Recipe courtesy of Asian Food Network
With the creaminess and sweetness of potato, you might be forgiven if you mistook the side of mashed cauliflower for typical mash. But it’s not the only star on the plate, with tender beef steak - that also happens to be keto - and a soft sinking bed of vegetables and aromatic juices.
Ingredients
Serves 3
- 600g Wagyu Beef (200g per person)
- salt
- pepper
- meat thermometer
- ½ tsp high heat oil of your choice (preferability ghee or avocado oil)
- high heat olive oil (to drizzle)
- 1 white onion (medium sized)
- 2 celery sticks
- 3 green onions
- 2 green chillies
- 1 tomato
- handful cilantro
- 1 head cauliflower
- 1 tbsp olive oil
- salt
- pepper
- 40g butter
- ¼ cup cream
- 60g cream cheese
- ⅛ -¼ tsp ground nutmeg
- 1-2 tbsp chives (optional)
- baked beef juice (from the steak)
- 250g beef broth
- ¼ cup cream
- 1 tsp Swerve (sweetener or sugar substitute)
- ½ tsp salt
- 1 tbsp sesame oil
- ½ tsp pepper
- ¼ tsp xanthan gum (optional).
Instructions
1. Prepare steak
- Let the steak rest at room temperature for one hour before cooking it. After one hour, oil the steak with ½ tsp of oil, and season with salt and pepper. Let it rest for another 15 minutes.

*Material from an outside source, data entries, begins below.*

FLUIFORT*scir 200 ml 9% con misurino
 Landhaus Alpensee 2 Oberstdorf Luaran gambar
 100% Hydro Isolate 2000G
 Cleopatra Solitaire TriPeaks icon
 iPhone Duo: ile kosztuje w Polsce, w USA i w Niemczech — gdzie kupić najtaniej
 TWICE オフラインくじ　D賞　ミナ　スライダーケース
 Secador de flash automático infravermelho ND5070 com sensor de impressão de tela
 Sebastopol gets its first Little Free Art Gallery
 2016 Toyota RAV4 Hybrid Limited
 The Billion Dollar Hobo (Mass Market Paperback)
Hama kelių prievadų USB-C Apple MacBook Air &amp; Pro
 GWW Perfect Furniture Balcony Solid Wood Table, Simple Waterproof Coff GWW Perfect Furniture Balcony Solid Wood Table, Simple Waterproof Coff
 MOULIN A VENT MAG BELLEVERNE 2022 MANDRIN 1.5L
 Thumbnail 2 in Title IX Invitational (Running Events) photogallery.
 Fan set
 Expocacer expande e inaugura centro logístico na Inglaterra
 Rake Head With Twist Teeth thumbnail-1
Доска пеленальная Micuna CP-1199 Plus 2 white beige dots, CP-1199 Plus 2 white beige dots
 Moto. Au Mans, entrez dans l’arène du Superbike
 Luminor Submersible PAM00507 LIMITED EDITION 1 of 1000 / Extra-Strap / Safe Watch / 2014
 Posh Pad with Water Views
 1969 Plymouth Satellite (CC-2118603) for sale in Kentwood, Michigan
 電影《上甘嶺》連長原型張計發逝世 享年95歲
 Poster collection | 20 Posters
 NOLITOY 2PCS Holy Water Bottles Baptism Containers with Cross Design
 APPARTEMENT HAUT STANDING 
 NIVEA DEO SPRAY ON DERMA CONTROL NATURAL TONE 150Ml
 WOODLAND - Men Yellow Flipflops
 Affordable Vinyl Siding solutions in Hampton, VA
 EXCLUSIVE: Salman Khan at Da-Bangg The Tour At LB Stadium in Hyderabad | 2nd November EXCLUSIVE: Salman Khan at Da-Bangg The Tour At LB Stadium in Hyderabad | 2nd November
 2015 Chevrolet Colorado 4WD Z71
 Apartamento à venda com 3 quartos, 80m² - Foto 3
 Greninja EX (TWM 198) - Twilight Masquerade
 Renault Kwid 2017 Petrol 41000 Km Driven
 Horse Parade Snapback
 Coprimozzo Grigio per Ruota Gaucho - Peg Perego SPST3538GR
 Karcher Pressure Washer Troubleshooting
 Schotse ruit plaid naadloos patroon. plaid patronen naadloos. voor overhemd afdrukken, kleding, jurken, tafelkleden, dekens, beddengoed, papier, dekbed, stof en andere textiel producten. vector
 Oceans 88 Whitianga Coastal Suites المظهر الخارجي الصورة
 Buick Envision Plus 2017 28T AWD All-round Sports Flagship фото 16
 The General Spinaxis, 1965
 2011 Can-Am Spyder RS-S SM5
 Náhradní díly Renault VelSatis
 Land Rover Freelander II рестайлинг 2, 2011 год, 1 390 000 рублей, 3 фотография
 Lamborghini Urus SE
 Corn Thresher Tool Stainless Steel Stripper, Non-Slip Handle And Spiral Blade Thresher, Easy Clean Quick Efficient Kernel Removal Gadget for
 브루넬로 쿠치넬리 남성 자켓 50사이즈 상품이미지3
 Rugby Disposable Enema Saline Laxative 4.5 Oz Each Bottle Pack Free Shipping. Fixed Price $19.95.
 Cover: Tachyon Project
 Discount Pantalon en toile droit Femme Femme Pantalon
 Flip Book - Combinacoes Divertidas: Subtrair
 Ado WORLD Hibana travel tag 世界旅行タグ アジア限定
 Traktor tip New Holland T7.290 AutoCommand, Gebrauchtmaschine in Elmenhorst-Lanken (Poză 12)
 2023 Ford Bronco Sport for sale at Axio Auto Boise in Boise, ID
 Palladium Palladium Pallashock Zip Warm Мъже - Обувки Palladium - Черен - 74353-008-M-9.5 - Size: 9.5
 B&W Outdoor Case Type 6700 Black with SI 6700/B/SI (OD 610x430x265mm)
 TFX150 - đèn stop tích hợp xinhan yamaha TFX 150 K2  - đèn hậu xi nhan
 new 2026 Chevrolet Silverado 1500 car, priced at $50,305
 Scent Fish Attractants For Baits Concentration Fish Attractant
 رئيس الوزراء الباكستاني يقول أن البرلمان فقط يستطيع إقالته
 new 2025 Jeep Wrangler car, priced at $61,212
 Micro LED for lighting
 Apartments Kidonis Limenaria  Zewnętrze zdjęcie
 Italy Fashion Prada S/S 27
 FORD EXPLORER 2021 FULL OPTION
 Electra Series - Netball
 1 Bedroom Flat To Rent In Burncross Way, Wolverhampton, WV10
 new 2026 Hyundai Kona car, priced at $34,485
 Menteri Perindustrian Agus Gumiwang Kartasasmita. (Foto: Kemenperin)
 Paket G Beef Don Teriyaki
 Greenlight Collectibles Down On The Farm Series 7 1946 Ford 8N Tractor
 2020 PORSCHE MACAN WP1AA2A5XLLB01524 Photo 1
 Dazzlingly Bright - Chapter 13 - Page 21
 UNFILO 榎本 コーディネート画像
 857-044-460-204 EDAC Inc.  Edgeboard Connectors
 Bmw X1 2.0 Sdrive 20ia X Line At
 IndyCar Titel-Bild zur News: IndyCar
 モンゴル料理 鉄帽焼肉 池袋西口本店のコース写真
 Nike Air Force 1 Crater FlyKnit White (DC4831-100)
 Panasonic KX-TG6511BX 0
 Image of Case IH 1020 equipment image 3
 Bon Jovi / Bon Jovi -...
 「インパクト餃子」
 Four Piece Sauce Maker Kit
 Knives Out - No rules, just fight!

- Preheat oven to 175C. While the steak is resting, cut up the onions, celery, green onion, green chilli, tomato, and cilantro and place them in a baking tray. Drizzle olive oil over the vegetables.
- In a saucepan (really hot), heat up ghee to scorch your steak (about one minute each side) for colour.
- Place your steak on top of the vegetables in the baking tray. Cover the tray with aluminium foil and bake for 40 minutes.
- After 40 minutes, use a meat thermometer to check the internal temperature. Remove the aluminium foil, and bake again for about 20 minutes to your preferred doneness.
- Remember your steak will continue to cook after removing it from the oven. Let your steak rest for about 10 minutes before cutting it and serving.
- Set aside the vegetables to make into au jus (sauce).
2. Prepare cauliflower mash
- Preheat the oven to 190C.
- Cut the cauliflower into florets. Put them into a baking tray, then drizzle with olive oil, salt and pepper.
- Bake for 20 minutes (not too brown) and move into a medium mixing bowl.
- Add the butter, cream, cream cheese and nutmeg and mash it using a hand blender.
- Add chives and mix using a spatula (optional).
3. Prepare steak sauce
- After the steak is done, leave the vegetables in the pan.
- Add 250ml of beef broth, then put it back in the oven for about five minutes (until it boils).
- Using a hand masher, mash the vegetables thoroughly.
- Strain all the juice out of the vegetables into a saucepan.
- Over a low flame, stir in cream, Swerve, salt, pepper and sesame oil.
- Add xanthan gum if you want your sauce to be thicker (optional). Keep stirring while it simmers, until the sauce thickens to your liking.
4. Garnish and serve
- Scoop or pipe the cauliflower mash onto a plate. Lay the steak beside the mash and cut into reasonably sized slices and add sauce.